October 19

With this book project underway, I've been thinking a lot about how I write, mainly because, honestly, it’s a total mystery to me. When I was in college, I read The Power Broker: Robert Moses and the Fall of New York by Robert Caro. A few sections of it were assigned as part of a class I was taking on the history of the City of New York, but when I started in on it, I couldn't stop, so I read the whole thing. The whole 1,344-page thing. (An impressive percentage of which I insisted on reading aloud to my then-boyfriend.) (He was a very good sport.)  The class included an all-night bicycle ride through the city. We started in Morningside Heights and pedaled all the way down the island.  I took the class in the spring semester of my senior year, just a few months after 9/11.  We stopped at Ground Zero in the still-dark hours of the morning before crossing the bridge into Brooklyn at sunrise.  It meant something to be reading about a previous life of the city just then. The Power Broker is a tremendous book in every respect, a biography, a portrait of a city, a study of politics and power. It’s a gorgeous, intense read, and also a fun read, and whenever I’d hoist myself up and out of those pages all I could think was how on earth does this happen? How does someone write a thing like this??

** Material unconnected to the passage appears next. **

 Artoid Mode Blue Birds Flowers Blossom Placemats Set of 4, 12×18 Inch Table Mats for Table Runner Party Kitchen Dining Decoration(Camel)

It was impossible. Except for that it wasn't, because there was the book, and there I was reading it. A miracle, then. A decade later, that answer’s still the best I've got.

Last week, Robert Caro's latest book on Lyndon Johnson, The Passage of Power, was nominated as a National Book Award finalist. When I saw that, I remembered a Sunday Routine column featuring Caro that ran in the The New York Times last spring. I was in the final push with my proposal then and reading it gave me a real boost. You’ll find the column right here. Also terrific is this slideshow on Caro’s writing process. 

And while we’re on the topic of writers who make me cheer, take a look at this letter that Eudora Welty wrote to The New Yorker in 1933, asking for a job. It’s a gem. (Thanks to Andrew for pointing me to it.)

p.s. Did you know she was a photographer, too?